# My Backyard



## PuffDragon (Apr 20, 2008)

Was on a bike ride and wanted to get a shot of the river. This is about 1/4 mile away from my place. That's the Philadelphia skyline.


----------



## dorton (Apr 20, 2008)

Nice pic man.


----------



## angelrose (Apr 21, 2008)

beautiful shot from outside the city


----------



## DZLife (Apr 21, 2008)

Woah! You have a nice back yard XD
A lil smoggy, but hey, it's Jersey.


----------



## VARNYARD (Apr 21, 2008)

Yes it is a nice pic, but too much city for me.  

I like this better:


----------



## PuffDragon (Apr 21, 2008)

OOoo I'll hafta post my other backyard!!! I grew up in Ocean City, NJ and now have a place in North Wildwood and Cape May. All 3 are beautiful!!!

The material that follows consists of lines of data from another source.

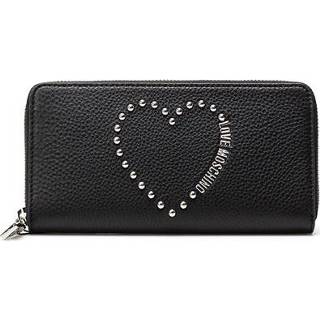 👉 Portemonnee zwart leather onesize vrouwen Women's Wallet Jc5653 Calf Love Moschino , Dames 8051578978293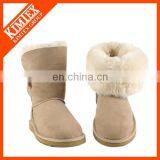 sheepskin half boots for girl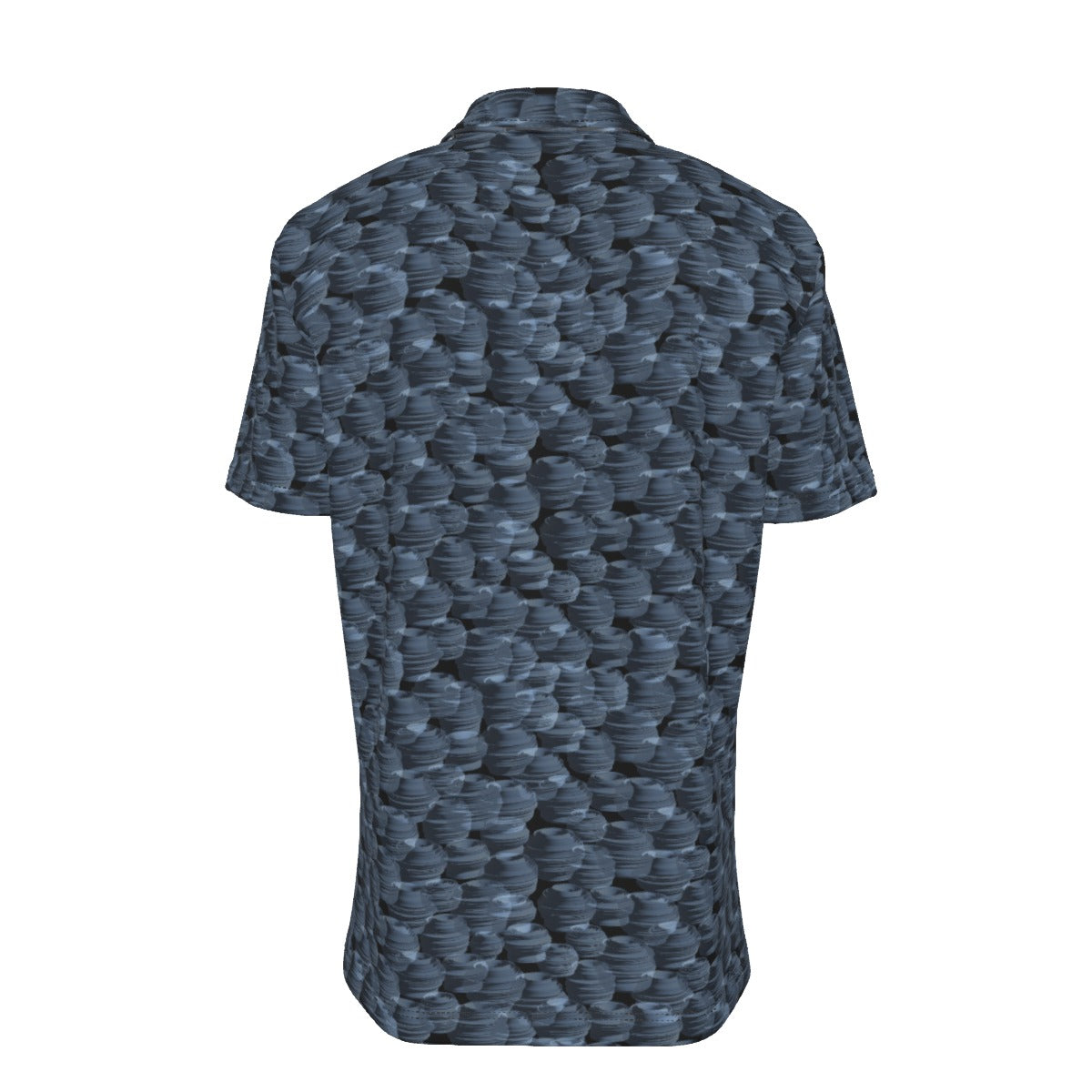 Button Down Short Sleeve / Pottery Art Design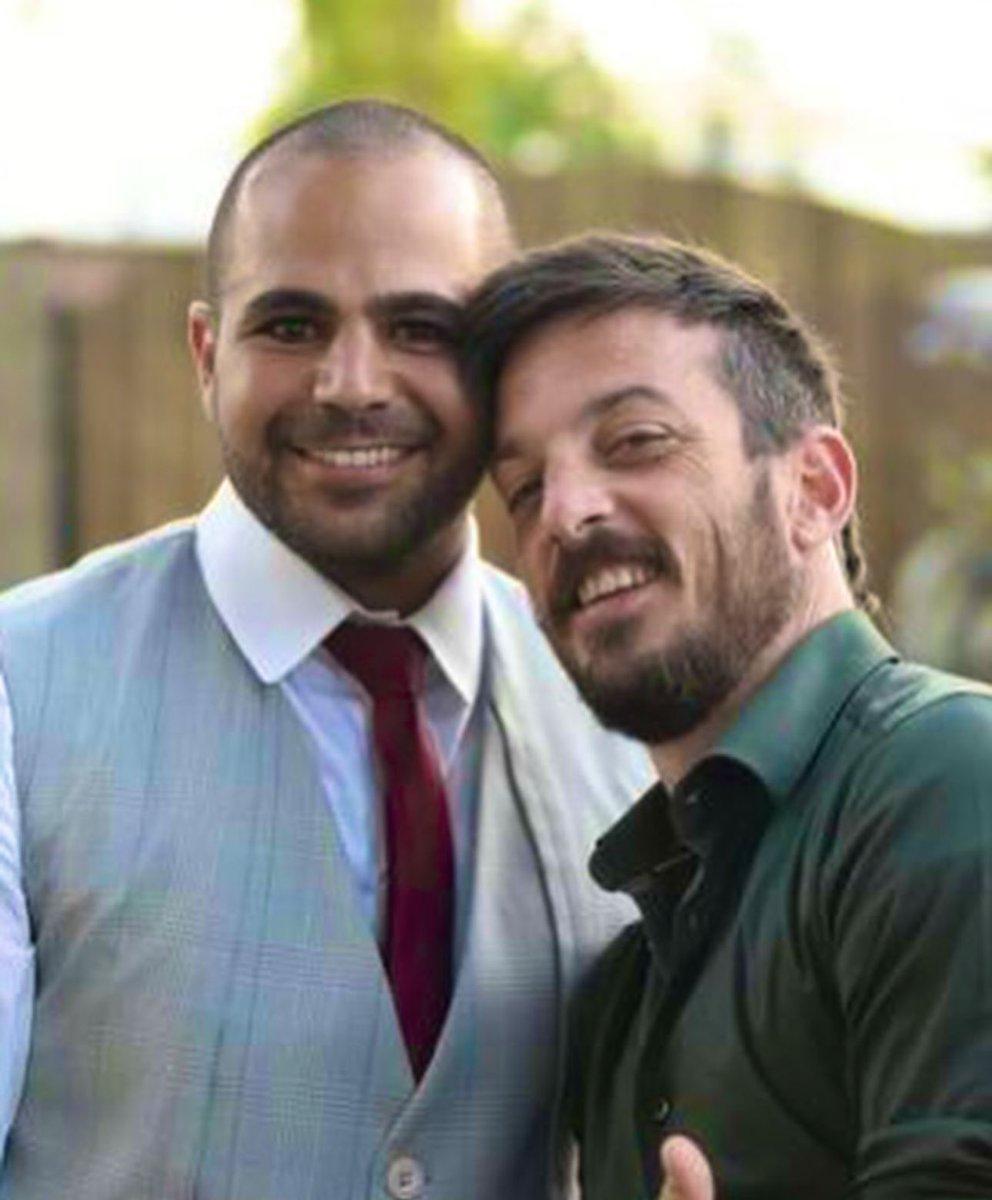 Yarden Bibas and his best friend David Cunio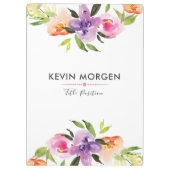 Moderne Waterverven bloemen Klembord (Achterkant)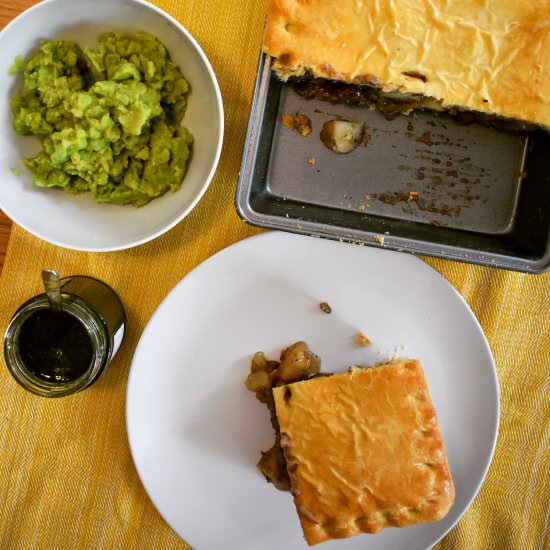 Lamb Mint and Potato Pie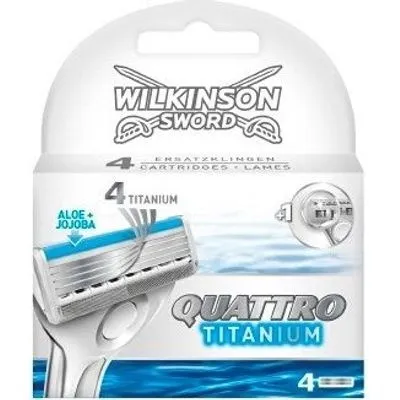 Wilkinson Quattro Titanium rakvélablöð 4stk
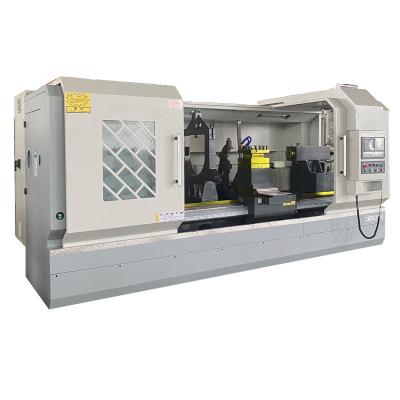 China Machinery repair shops factory for sale CK6180 CK61100 CK61110 CK61125 CNC metal lathe CNC flat lathe for sale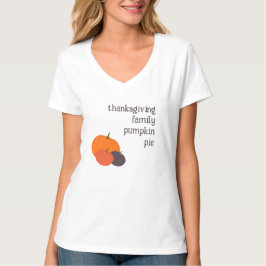 Pumpkins för Festive Thanksgiving Family Orange T Shirt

I took this at Cape May Point looking South. That's the Cape May Light House in the bottom right


----------



## VARNYARD (Apr 21, 2008)

You had to go there!!














J/K lololol


----------



## DaveDragon (Apr 22, 2008)

AWW, come on!!! You guys are making me sick!! I wanna see a nice warm beach in person!!! Great pics!!


----------



## angelrose (Apr 22, 2008)

thanks guys, now I know what a warm beach and ocean looks like. I want in.


----------



## DaveDragon (Apr 22, 2008)

I'm driving my mother to the airport so she can fly to Colorado to visit a friend for 3 weeks. I'd like to go there too, the mountains are awesome!!!!


----------



## VARNYARD (Apr 22, 2008)

DaveDragon said:


> I'm driving my mother to the airport so she can fly to Colorado to visit a friend for 3 weeks. I'd like to go there too, the mountains are awesome!!!!



I agree, I have a friend then sends me pics all the time, he lives at 9000 feet there. But he can keep his winters, I like the idea of not getting snowed in.


----------



## PuffDragon (Apr 22, 2008)

I figured I'd update my pic a little!!!!!!


----------



## PuffDragon (May 15, 2008)

HECK YEAH!!! I just got home from Game 4 of the Stanley Cup Finals...Flyers Vs. Penquins *cough suck cough*

Series is 3-1 Penquins up but it was such a great game to be at. Here's a shot of my tshirt and face I made for the game.





Has the Flyers emblem on the front.


----------



## angelrose (May 15, 2008)

good one Puff. I saw the game and the only thing that would make it good I guess is just being there. lol.


----------